Biyografiye kadın kahramanların
girmesi ile kalmayarak yeni eğilimler müşterek biyografi anlayışını da ortaya
koymuşlardır. Tek bir kişinin değil, eşi, çocukları ve sırrını bilen bir yakını,,
misal sekreteri ile birlikte kolektif biyografileri de yazılmaya başlamıştır.
Böylece kişilerin bütün hayatları boyunca geçirdikleri değişimin çok yönlü
açıklaması yapılabilmektedir.
Biyografiye sosyal bilimlerin
desteğinde verilen bu önem yeni bir çığırı daha beraberinde getirmiştir: Son
zamanların nöroloji çalışmaları "özgür bireylerin" hayatlarını öyle
sanıldığı gibi "özgürce" yönlendiremediklerini göstermektedir.
Nörolojinin algılama, hafıza ve hatırlatma hakkındaki tezleri sadece yerleşmiş
felsefi teorileri değil, tarihçiliğin temel varsayımları üzerinde de şüpheler
uyandırmıştır (Laessig, 43). O halde bireyin tarihi yazılırken yeni bir kavramı
karşımızda bulabiliriz: nöro-psiko-sosyohistory(!).

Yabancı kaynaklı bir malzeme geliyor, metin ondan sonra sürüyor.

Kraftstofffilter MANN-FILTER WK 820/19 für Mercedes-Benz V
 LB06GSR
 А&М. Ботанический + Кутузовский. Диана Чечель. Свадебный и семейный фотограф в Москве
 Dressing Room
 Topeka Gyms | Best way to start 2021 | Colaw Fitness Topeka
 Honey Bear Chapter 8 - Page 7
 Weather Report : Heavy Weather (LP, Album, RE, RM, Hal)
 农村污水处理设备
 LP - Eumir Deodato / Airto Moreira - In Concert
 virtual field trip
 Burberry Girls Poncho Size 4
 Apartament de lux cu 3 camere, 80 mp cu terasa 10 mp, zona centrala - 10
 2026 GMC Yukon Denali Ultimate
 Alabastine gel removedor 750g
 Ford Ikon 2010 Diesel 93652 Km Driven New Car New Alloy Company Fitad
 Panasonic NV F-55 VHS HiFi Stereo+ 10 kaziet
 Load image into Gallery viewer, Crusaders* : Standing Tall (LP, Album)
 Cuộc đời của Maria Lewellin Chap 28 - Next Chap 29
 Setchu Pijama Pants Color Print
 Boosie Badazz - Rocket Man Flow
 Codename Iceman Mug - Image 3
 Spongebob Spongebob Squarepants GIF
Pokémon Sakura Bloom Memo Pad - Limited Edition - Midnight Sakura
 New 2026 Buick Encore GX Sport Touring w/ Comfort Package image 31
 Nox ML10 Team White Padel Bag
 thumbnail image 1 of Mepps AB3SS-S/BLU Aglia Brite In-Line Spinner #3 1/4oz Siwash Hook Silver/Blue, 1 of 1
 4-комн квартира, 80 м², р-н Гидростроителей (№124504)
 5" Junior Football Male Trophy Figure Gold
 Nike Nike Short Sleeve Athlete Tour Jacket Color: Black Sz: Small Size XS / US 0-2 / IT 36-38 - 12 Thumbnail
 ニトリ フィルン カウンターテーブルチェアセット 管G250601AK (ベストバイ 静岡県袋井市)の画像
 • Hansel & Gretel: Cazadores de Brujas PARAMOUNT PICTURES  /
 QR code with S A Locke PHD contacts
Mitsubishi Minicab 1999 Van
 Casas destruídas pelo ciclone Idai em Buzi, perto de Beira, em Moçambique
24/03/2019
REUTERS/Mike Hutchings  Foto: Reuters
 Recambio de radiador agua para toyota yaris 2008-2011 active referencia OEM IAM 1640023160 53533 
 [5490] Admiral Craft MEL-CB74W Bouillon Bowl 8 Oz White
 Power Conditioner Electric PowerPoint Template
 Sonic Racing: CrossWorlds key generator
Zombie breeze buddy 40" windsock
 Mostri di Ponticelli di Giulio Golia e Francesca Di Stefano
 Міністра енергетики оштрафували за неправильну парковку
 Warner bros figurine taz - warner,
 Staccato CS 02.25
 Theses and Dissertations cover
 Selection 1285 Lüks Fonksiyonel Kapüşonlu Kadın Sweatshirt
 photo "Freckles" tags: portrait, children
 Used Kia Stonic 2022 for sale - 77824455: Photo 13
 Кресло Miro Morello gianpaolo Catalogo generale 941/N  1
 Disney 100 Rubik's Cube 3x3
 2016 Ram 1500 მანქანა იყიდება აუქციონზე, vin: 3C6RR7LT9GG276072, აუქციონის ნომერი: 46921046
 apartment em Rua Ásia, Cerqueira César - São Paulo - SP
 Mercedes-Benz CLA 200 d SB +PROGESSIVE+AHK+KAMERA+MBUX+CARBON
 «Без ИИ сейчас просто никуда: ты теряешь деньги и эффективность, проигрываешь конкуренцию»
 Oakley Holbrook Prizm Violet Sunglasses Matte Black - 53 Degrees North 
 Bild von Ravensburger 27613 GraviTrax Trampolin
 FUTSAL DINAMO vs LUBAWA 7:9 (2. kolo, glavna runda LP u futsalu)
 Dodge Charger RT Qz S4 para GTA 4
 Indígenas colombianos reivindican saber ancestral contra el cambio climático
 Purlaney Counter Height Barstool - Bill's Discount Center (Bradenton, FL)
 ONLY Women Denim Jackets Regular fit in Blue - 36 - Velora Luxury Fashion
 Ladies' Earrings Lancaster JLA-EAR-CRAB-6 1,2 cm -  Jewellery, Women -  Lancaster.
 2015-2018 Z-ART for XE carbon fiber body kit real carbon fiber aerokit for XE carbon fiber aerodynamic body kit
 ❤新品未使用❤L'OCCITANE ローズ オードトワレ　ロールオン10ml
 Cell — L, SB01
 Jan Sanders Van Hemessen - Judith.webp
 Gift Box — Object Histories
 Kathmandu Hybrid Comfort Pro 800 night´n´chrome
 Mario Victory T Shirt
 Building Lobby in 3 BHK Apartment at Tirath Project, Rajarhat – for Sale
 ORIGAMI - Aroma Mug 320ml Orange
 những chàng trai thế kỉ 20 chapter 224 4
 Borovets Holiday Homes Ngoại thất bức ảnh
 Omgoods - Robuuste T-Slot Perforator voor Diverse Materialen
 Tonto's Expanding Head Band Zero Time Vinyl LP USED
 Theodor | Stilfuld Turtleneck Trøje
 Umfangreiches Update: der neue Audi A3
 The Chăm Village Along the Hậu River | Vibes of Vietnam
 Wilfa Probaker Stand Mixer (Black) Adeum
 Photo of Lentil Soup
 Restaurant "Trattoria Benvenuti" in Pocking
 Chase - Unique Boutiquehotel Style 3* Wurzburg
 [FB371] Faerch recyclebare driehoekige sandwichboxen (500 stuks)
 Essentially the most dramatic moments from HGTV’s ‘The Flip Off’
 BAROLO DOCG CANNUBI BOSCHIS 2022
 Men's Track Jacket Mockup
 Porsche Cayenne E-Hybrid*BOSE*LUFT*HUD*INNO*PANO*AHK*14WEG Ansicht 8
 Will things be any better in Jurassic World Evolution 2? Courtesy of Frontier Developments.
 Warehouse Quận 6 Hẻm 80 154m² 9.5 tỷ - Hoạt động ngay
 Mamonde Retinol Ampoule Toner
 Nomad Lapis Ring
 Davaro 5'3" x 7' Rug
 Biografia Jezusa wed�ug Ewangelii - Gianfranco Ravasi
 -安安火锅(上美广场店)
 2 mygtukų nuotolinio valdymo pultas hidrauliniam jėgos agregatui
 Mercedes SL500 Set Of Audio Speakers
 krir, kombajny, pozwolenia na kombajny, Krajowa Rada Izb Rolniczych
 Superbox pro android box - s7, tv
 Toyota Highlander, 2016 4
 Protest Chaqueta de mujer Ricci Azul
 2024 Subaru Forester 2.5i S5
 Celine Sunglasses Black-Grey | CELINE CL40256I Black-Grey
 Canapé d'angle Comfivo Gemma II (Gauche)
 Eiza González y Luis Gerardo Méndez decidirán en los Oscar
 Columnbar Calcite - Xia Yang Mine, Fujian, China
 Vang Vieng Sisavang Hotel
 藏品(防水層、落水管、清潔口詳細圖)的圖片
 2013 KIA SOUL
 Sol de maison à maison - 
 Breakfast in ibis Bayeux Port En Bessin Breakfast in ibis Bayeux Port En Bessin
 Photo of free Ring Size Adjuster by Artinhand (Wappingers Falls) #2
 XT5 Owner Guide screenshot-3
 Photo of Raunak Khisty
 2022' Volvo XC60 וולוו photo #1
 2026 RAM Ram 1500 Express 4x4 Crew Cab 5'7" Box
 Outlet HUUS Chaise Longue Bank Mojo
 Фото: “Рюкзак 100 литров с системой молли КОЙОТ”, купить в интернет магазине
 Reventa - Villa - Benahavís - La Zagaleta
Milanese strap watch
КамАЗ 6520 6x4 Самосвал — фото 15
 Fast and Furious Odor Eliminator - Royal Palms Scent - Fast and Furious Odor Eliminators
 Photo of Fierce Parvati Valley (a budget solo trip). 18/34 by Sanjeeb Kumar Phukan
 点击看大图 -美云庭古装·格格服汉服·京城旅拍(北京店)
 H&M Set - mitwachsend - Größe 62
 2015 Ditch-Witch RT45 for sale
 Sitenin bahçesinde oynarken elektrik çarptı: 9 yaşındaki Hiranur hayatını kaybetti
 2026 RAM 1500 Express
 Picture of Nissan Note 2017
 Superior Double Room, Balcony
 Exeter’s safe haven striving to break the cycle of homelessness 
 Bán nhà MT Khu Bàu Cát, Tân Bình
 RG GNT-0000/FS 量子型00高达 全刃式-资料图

Batı düşüncesi Descartes, Locke ve
Hume'dan beri benlik meselesi üzerinde epey kafa yormuştur. Locke kişi
hatırladığı ölçüde vardır düşüncesinde iken, Hume rasyonalistlerin 'ben'
dediklerinin gerçek değil, farklı algılar demeti olduğunu; benlik dediğimiz
şeyin bu algılardan oluşmuş psikolojik bir inşa olduğunu ileri sürmüştür. Ona
göre bu kavramın bir ontolojik karşılığı yoktur. Batılı epistemoloji insanı
liberal, ampirist, rasyonalist ve sair görüşlerde farklı yanları ile ele almış,
ben ve biz olarak nasıl rol oynayabildiğini görmeye çalışmıştır. Değişen
zamanla değişmeyen bir 'öznenin' varlığı inkar edildiğinde bunun farklı alanlarda
ciddi sonuçları olabileceği Hume tarafından vurgulanmıştır (Kırmızı, 19-20).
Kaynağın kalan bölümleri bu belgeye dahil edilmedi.